But labels Teslas as being merely 'functional' and not threats to Ferrari in any way.
Ferrari's recently appointed CEO, Benedetto Vigna, has high praise for Tesla and Elon Musk in saying that the EV automaker was an industry "wake-up call" by shaking things up in several ways aside from its cars.
Speaking to Bloomberg, Vigna said that Tesla "shook up the industry and accelerated processes and decisions. They were faster and more agile." The auto industry has a reputation for making decisions rather slowly and isn't always open to change. Tesla altered that, and Ferrari's board of directors was paying close attention. How so?
For one thing, Vigna's professional background includes time spent as an executive for a company that developed sensors for billions of iPhones.
He understands and has experience in a high-tech company and now he's bringing that knowledge to Ferrari.

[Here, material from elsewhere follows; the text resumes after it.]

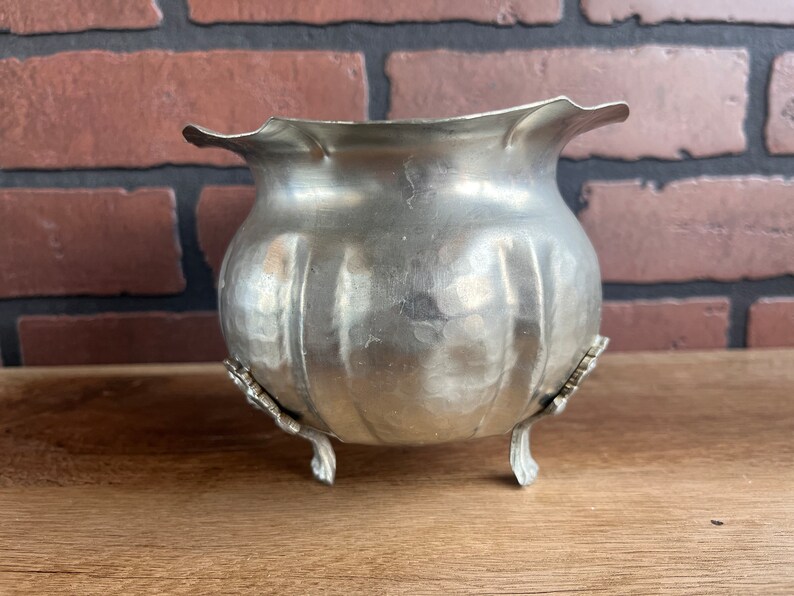 Vintage Pewter Planter Made in Italy Ornate - Etsy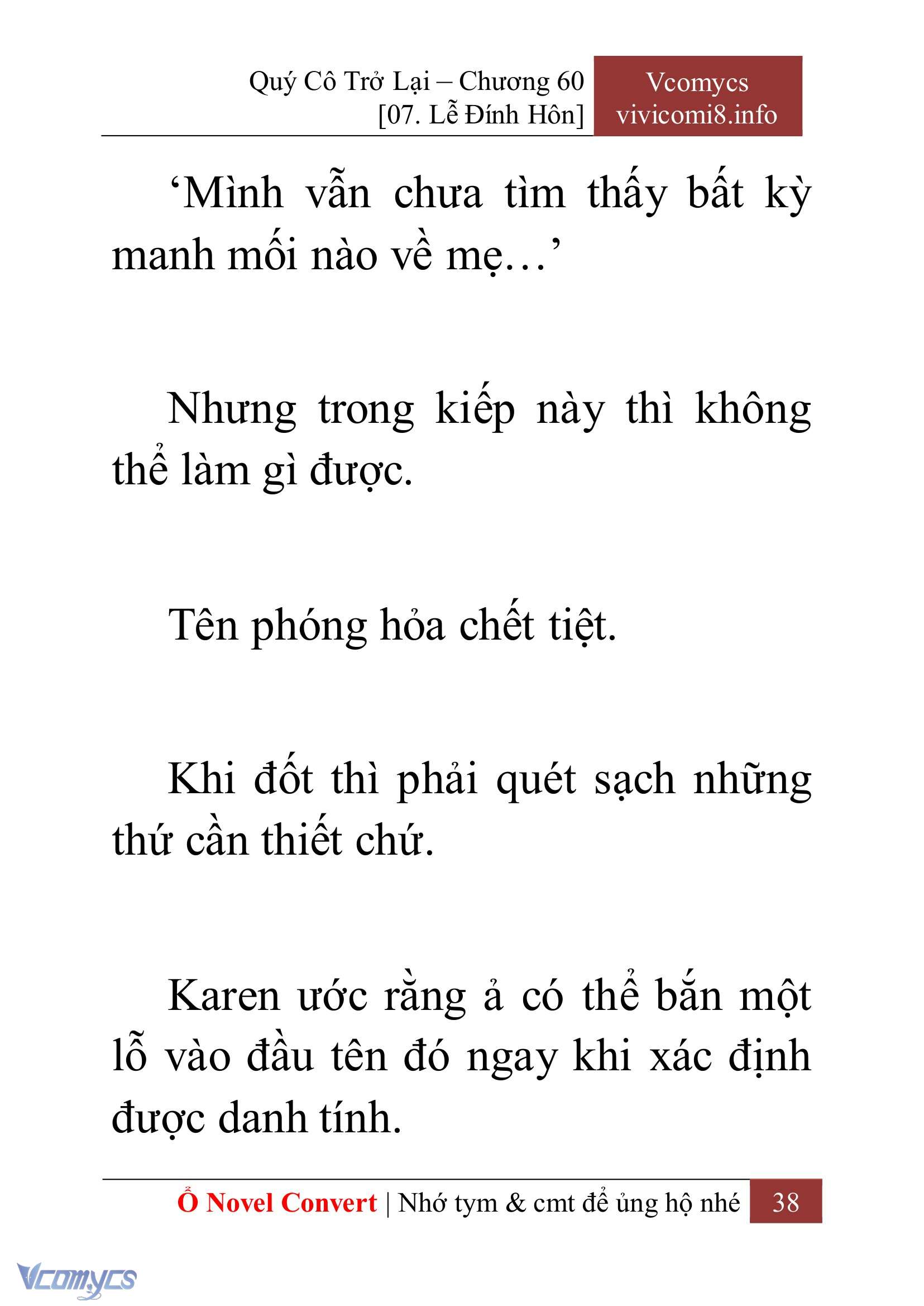 [Novel] Quý Cô Trở Lại Chap 60 - Trang 2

"Electrification is a new way to provide our customers a unique driving experience, and I've no doubt that our electric powertrains will give clients the same thrills of combustion engines," he said. And at age 53, he's only two years older than Musk.
He's also a serious car guy but does not see Tesla as a serious Ferrari rival. Each automaker appeals to very different types of customers. He considers Tesla to be "a functional car. It's meant to go from one point to another."
Ferraris are emotional cars. With that in mind, Vigna confirmed that Ferrari remains on schedule to launch its first all-electric model in 2025, and it will hit the market the following year. But don't assume Ferrari under Vigna's leadership will become an EV-only automaker.
"Electrification is just one piece of the pie, and there's indeed too much hype about it as well as on software and the debate about the need to consolidate the supply chain," he explained. "Technology is just a tool, and I think there's too much money poured into this, and this is because there's a lack of deep knowledge."
Ferrari's most recent success story is the Purosangue, a V12-powered SUV (of sorts) which, according to Vigna, has filled the marque's "order book four times faster than our original plan."
A plug-in hybrid version is expected at some point down the road. Vigna's plans will see Ferrari focus significantly on sustainability, with the goal of becoming carbon neutral by the end of 2030. A full lineup of pure battery electrics is not necessary for that to happen, but reducing emissions is still achievable with PHEVs like the SF90 Stradale.